Lasting nearly half an hour, the Double Concerto is a serious, passionate work in four movements. Its opening movement is fraught with a grim, heartfelt pathos strongly reminiscent of Ernest Bloch. The second movement is a lively, exciting scherzo with no shortage of lyrical moments. The third movement is a mysterious nocturne that returns to the somber cast of the opening. The finale is a perpetual-motion affair that calls Shostakovich to mind; despite its continuous vigor, it ends the work on a subdued note. The solo performances, featuring violinist Charles Wetherbee (who excelled in the aforementioned Violin Concerto) and violist Roberto Díaz, are truly masterly, while the orchestra, under the direction of its founder, Michael Stern, provides the solid, confident support one might expect of a far more seasoned ensemble. The IRIS Orchestra, formed in 2000 as the resident orchestra of the Germantown Performing Arts Center in Tennessee, is extraordinarily fine, and Stern appears to be a committed advocate of Leshnoff’s music.

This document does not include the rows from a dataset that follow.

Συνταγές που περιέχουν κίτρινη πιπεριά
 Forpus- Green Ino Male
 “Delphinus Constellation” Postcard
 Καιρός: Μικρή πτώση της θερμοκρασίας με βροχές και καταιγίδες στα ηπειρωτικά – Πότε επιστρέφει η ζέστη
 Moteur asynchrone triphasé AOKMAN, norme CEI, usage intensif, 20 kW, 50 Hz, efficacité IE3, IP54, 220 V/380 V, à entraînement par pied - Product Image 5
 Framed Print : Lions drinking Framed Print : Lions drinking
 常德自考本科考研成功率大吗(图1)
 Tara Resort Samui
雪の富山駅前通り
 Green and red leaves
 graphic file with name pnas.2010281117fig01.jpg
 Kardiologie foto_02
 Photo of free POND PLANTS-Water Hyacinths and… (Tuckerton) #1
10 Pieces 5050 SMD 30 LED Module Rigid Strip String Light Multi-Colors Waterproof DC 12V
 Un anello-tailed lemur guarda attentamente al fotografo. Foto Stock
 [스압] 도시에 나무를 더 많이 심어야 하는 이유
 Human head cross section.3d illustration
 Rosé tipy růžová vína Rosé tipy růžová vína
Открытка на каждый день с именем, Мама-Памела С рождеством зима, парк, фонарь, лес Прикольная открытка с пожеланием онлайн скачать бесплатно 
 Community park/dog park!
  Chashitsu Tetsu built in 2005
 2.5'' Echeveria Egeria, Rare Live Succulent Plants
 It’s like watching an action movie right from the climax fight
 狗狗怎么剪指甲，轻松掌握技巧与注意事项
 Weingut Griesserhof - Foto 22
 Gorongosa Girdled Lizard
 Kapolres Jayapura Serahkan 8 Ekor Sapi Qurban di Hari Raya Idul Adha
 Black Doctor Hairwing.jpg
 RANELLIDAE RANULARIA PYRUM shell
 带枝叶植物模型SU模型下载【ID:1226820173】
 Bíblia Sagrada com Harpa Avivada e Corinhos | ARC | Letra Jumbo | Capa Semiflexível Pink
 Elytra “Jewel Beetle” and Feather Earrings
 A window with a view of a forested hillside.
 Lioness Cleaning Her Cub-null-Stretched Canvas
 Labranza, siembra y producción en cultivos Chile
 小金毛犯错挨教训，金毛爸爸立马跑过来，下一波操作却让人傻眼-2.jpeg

Leshnoff’s Symphony No. 1 was commissioned by Stern, and is subtitled, “Forgotten Chants and Refrains.” It was completed in 2004—earlier than the Double Concerto—but is more obviously a work of the turn of the 21st century, in its emphasis on sonority and gesture reminiscent of the music of Joseph Schwantner, as well as in its passages of rhythmic stasis. The work comprises five movements, played without pause, and is supposedly a “Brotherhood of Man” sort of statement. Lately I find myself on a campaign against references to extra-musical content and meaning that are not borne out by the music itself. I have no particular criticisms of Leshnoff’s Symphony, which I enjoyed greatly; I just think that its pretense of “[speaking] to all humanity in an uplifting way” is irrelevant. The Symphony opens with a slow introduction that produces a great sense of anticipation, which is released in the energetic movement that follows. The third movement—the centerpiece—is the longest, and after an eerie opening, becomes more hymn-like, with quotations from earlier religious music, including Gregorian chant (presumably for purposes of spiritual uplift), before returning to its initial mysterious character. The fourth movement also includes quotations and, like the second, provides rapid activity through swirling gestures. The finale, “Resolution,” is solemn and chant-like, bringing the work—like the Double Concerto—to a subdued conclusion. Despite my carping about extra-musical meaning, this is a satisfying work with potentially broad appeal, demonstrating that there is still plenty meaningful to say within the symphonic genre.
Rush is a relatively short, very animated work dating from 2008 that partakes of the post-minimalist manner of John Adams and Michael Torke. It is quite successful in generating the kind of excited exuberance for which such pieces seem to strive, although Rush offers quieter moments as well.
As indicated earlier, the performances presented here are superb, and the music provides just less than an hour of fully enjoyable listening.